Der Held aus dem Brasilien-Spiel, Guillermo Ochoa (l.), herzt Torschütze Rafael Marquez: Mexiko steht im Achtefinale. AFP

Der Held aus dem Brasilien-Spiel, Guillermo Ochoa (l.), herzt Torschütze Rafael Marquez: Mexiko steht im Achtefinale.

RecifeMit drei Toren im Schlussspurt haben Mexikos Defensivstrategen Kroatiens WM-Aus besiegelt und das Achtelfinale der Fußball-Weltmeisterschaft in Brasilien erreicht. Durch Tore von Rafael Marquez (72.), Andres Guardado (75.) und Javier „Chicharito“ Hernandez gewannen die Mittelamerikaner am Montag ihr letztes Vorrundenspiel gegen Kroatien verdient mit 3:1 (0:0) und schlossen die Gruppe A als Zweiter hinter Gastgeber Brasilien ab. Gegner der „Tri“ in der K.o.-Runde ist am Montag in Fortaleza das Team der Niederlande. Verzichten muss Mexiko dann auf José Vazquez, der sich die zweite Gelbe Karte im Turnier einhandelte.

In einer erst gegen Ende unterhaltsamen Partie vor 41 212 Zuschauern in der Arena Pernambuco von Recife enttäuschten die Kroaten durch ihr wenig kreatives Spiel und verpassten zum dritten Mal nach 2002 und 2006 den Einzug ins Achtelfinale einer WM. Der Wolfsburger Ivan Perisic konnte in der 87. Minute nur noch auf 1:3 verkürzen. Kurz vor Schluss sah Ante Rebic wegen groben Foulspiels die Rote Karte (89.).

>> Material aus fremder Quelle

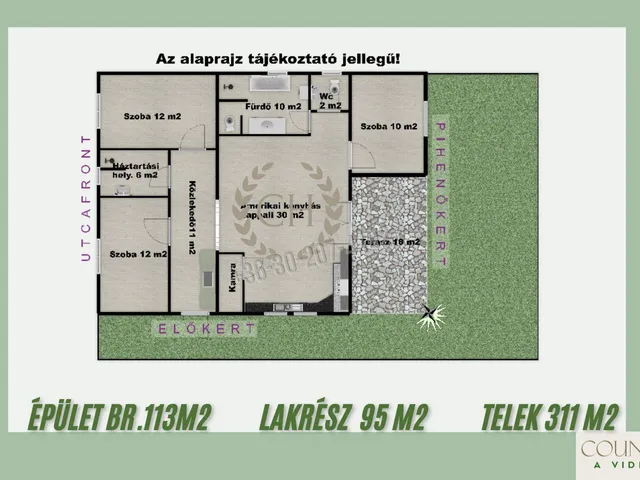 Eladó ház Szeged, Petőfitelep 113 nm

Die Mexikaner standen in der Defensive gewohnt sicher und schlugen in der Schlussphase eiskalt zu. Zunächst verwertete Marquez einen Eckball per Kopf, drei Minuten später war Leverkusens Bundesliga-Profi Guardado mit einem strammen Schuss unter die Latte erfolgreich, ehe Hernandez den Sack endgültig zumachte.

„Wir haben ein Rezept, wie wir sie schlagen können“, hatte Kroatiens Coach Niko Kovac vor der Partie vollmundig verkündet. Davon war auf dem Rasen allerdings über weite Strecken nichts zu sehen. Den Angriffsaktionen der Balkan-Elf fehlten Ideen und Tempo, um eine Lücke in die gewohnt sicher stehende mexikanische Hintermannschaft zu reißen. Dem bisher in Brasilien so überzeugend auftretenden Wolfsburger Duo Ivica Olic und Perisic gelang es viel zu selten, über die Außenpositionen Druck zu entwickeln.